Thursday, July 13, 2023

Buggy Behavior From The CloudWatch Logs API

Tip 26: “select” isn't broken.
The OS is probably not broken. And the database is probably just fine.

The Pragmatic Programmer

Words to live by — although I did once find a problem with Oracle's index management, which manifested in select. In my opinion, it's the maxim that defines a senior developer. Junior developers always look outside themselves whenever they run into a problem. Senior developers do everything they can to find where they've made a mistake. After all, there are a lot of people doing exactly the same things that you are; surely they would have found the bug first.

But sometimes, it really is a bug in the system. This post is a story of how I determined the bug wasn't in my code. It's part catharsis, part “here's what you should do if you think select is broken,” and part calling out the issue for posterity in case someone else trips over it.

In January of this year (2023), AWS made a change in the CloudWatch Logs API: you no longer needed to provide a sequence token when calling PutLogEvents. Sequence tokens were always, I think, a “leaky abstraction”: a part of the internal implementation of CloudWatch Logs that found its way into the API. To summarize: you had to retrieve a sequence token before you could write events. When you wrote a batch of events, you received a sequence token back, which you could use to write the next batch — unless another process was writing to the same stream, in which case your sequence token would become invalid. Which meant that you had to retrieve a new token, using an API that had a relatively low limit on number of requests per second. With enough concurrent writers, hilarity would ensue as each would retrieve a token, try to use it, and fail because some other writer got there first.

This change directly impacted my logging library, but initially I wasn't planning to adopt it: the library worked, the old behavior was supported, and to be honest, releasing the library involves a lot of toil.
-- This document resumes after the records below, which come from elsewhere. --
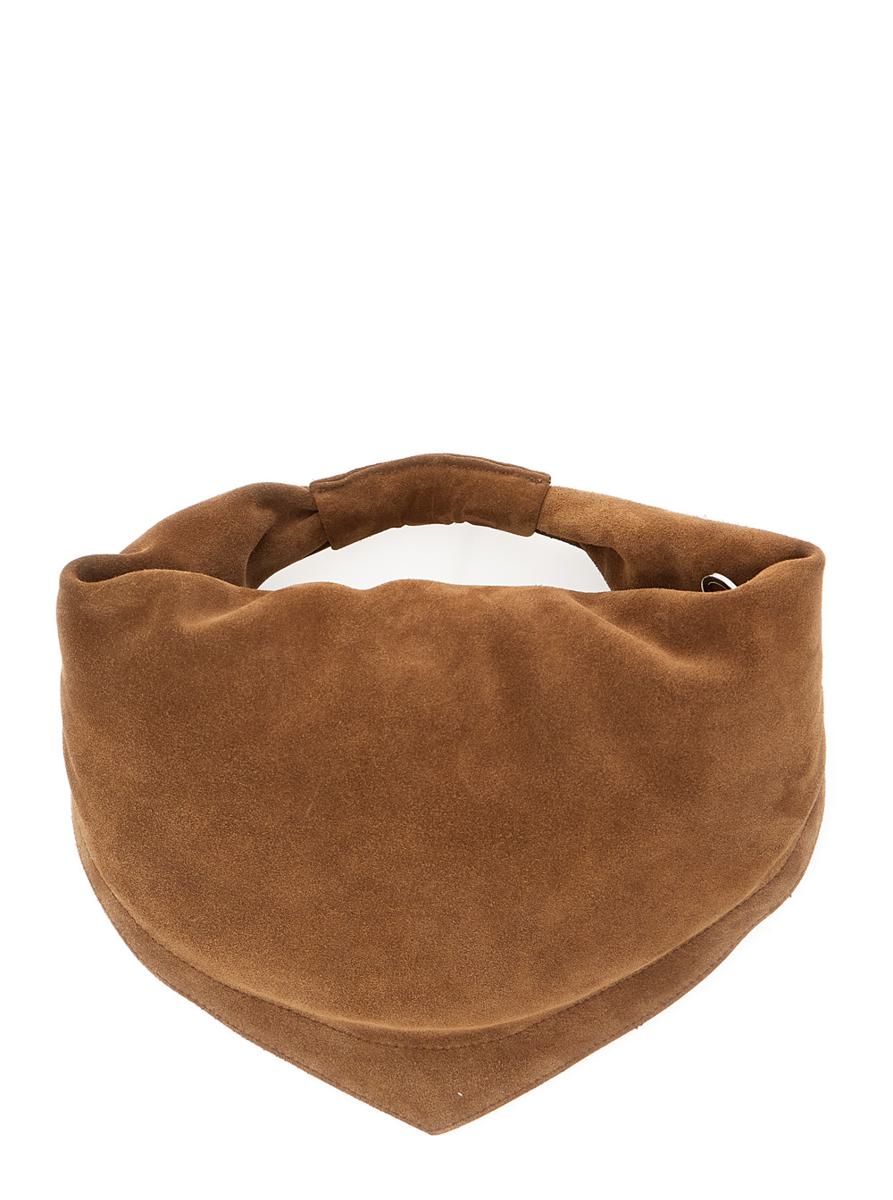 Midi Rortellino Wildleder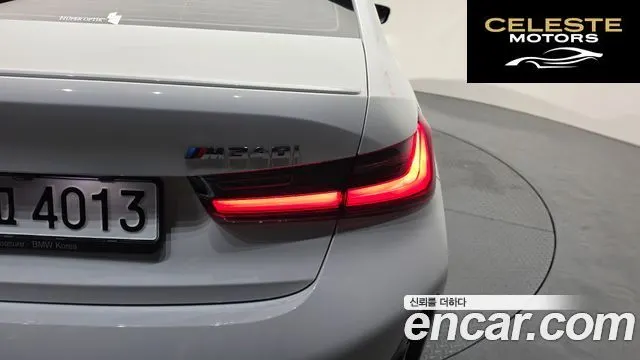 BMW Série 3 (G20) M340i 2023 — photo 9 sur 42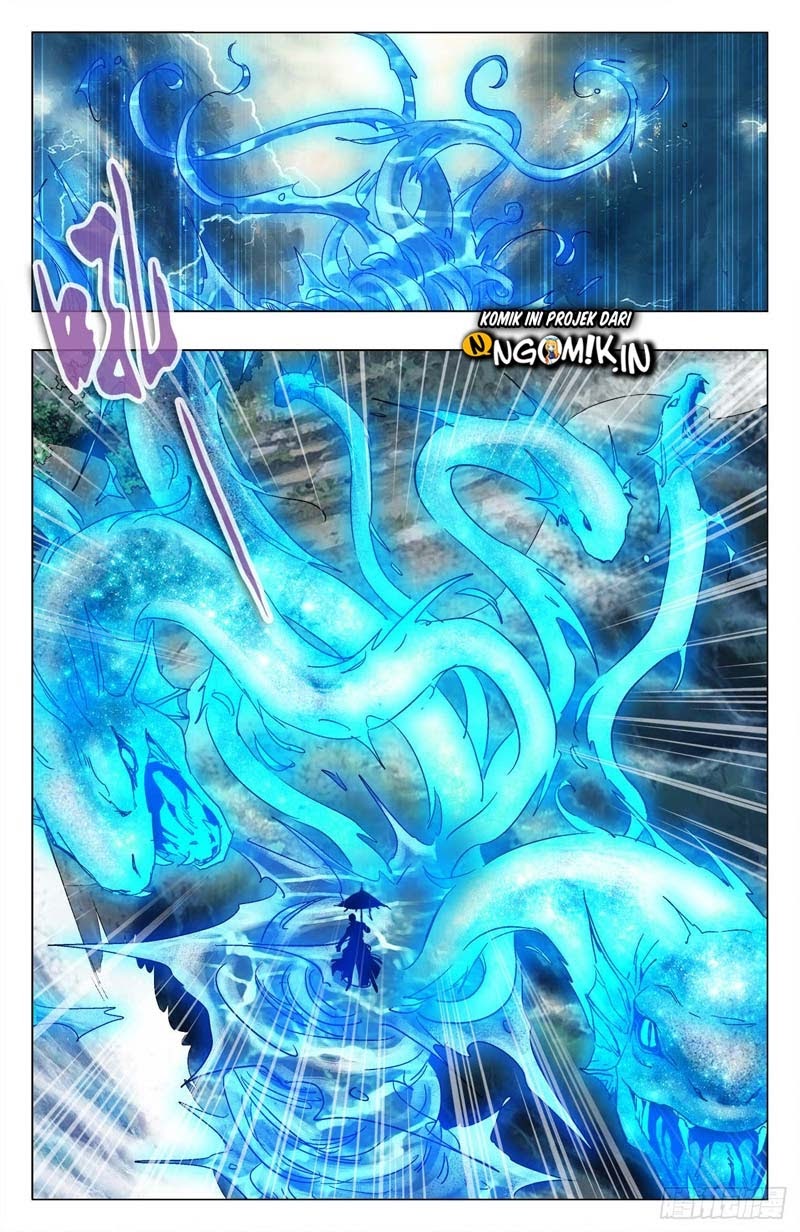 Battle Through The Heavens: Return Of The Beasts Chapter 12.2 Gambar 7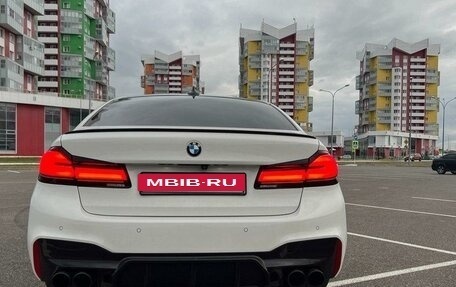 BMW 5 серия, 2019 год, 5 500 000 рублей, 12 фотография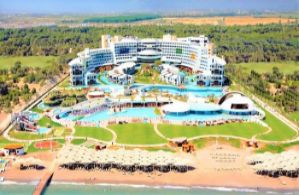 Hotel Cornelia Diamond Golf Resort & Spa Antalya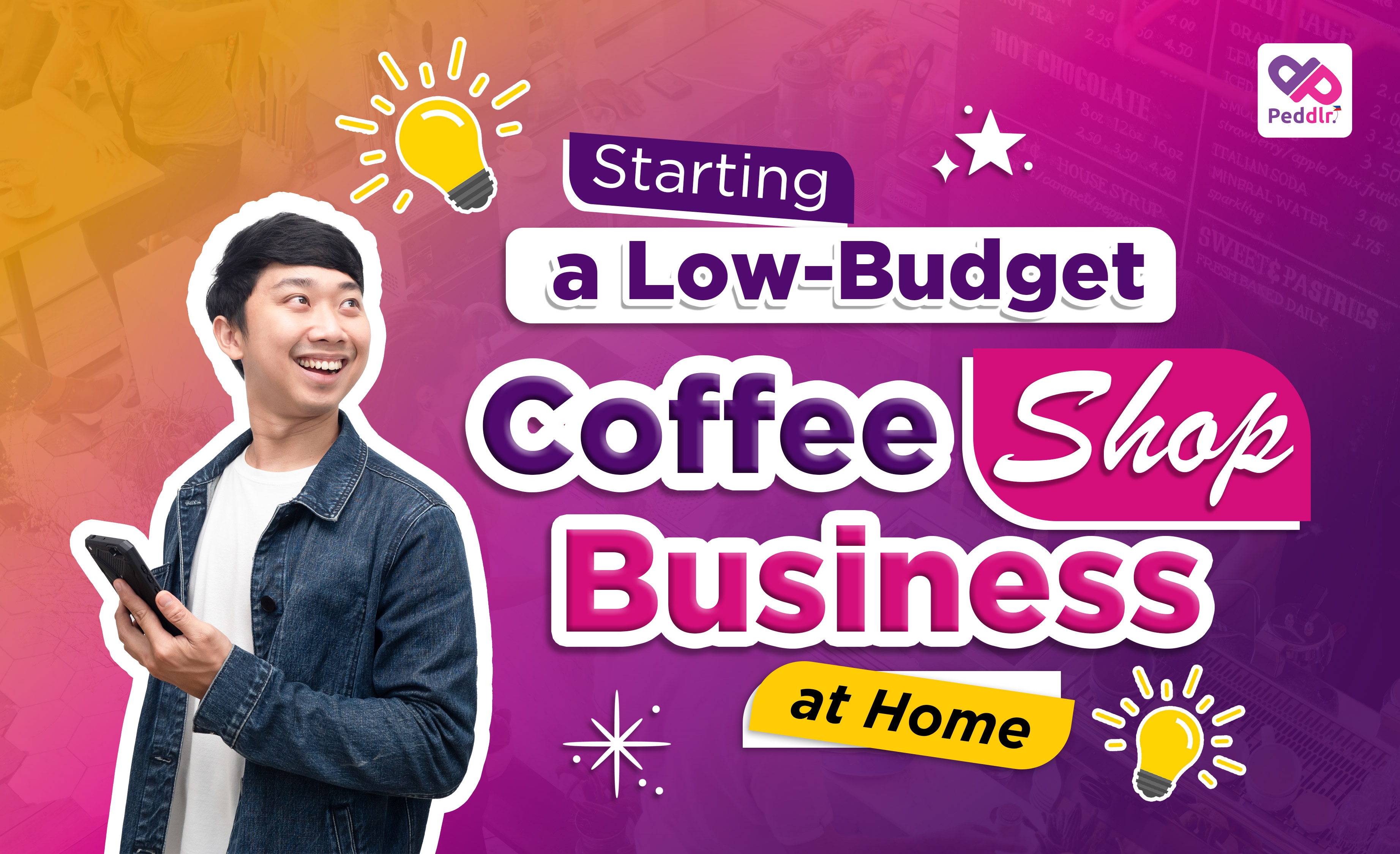 10 Tips to Starting a Low-Budget Coffee Shop Business at Home in 2025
But then someone found a bug with my sequence-token retrieval code if the logging library happened to re-initialize itself (Log4J2 FTW!). I fixed the immediate bug, and released a patch, but then decided it was a sign from the universe that I should remove the sequence token entirely. Plus, it always feels good to delete code!

However, once I changed the code, one of my integration tests — the one that pits concurrent writers against each other — started failing. When it tried to verify the events that were written, it would often come up short.
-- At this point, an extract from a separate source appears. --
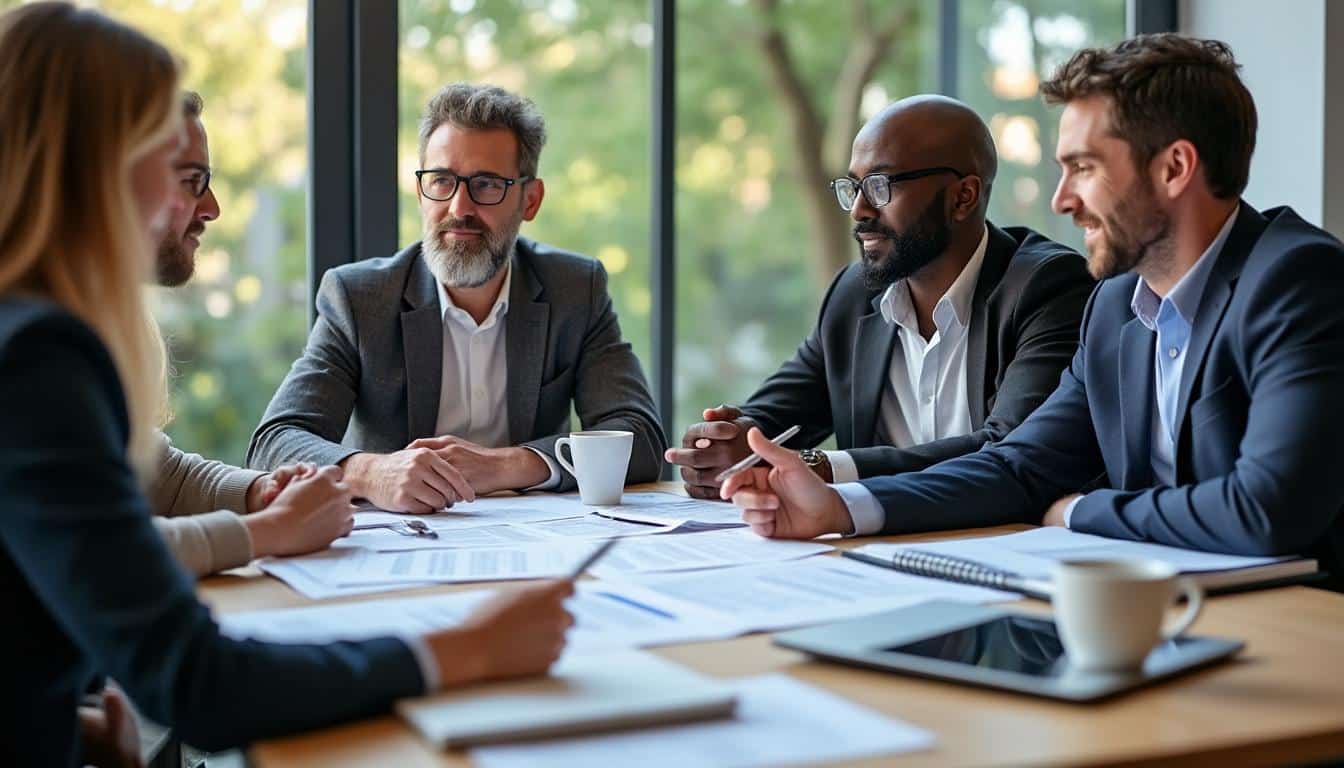 Illustration: Comprendre les obligations légales liées à la prise en charge par l’employeur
Failing integration tests are nothing new to this library: CloudWatch is an “eventually consistent” system, and while “eventually” often means seconds, it sometimes takes longer for the service to become consistent. As a result, failing tests don't clean up after themselves, so that I can look at what happened. I could then use my log reader utility, and verify that all of the events were eventually available.

This time, I didn't get all of the events back. Of course, I assumed that my reader was incorrect, and dove back into the documentation for the API calls it was using. I experimented with different arguments to the GetLogEvents call, and also tried FilterLogEvents. But nothing I did had an effect: I was still missing log entries.

Next step was to dig into the logging library. I already had it fairly well instrumented: if you enable debug mode in the logging framework it will report everything that it does, including (optionally) every batch that it sends. Everything looked good, but there was a corner case that worried me: CloudWatch can reject events, and unlike Kinesis, it doesn't tell you which events it rejects. The appender pre-processed batches to remove invalid events, but didn't log failures (because there shouldn't be any). I changed that code, but no failures appeared.

At this point I didn't think the bug was in my appender, but there was always the possibility that I was doing something incorrectly that I didn't log. My next step for debugging the appender would have been to turn up the logging level within the AWS SDK, to get a detailed report of what it was doing. However, this can become a case of drowning in detail, so first I looked at alternative methods of verifying the events.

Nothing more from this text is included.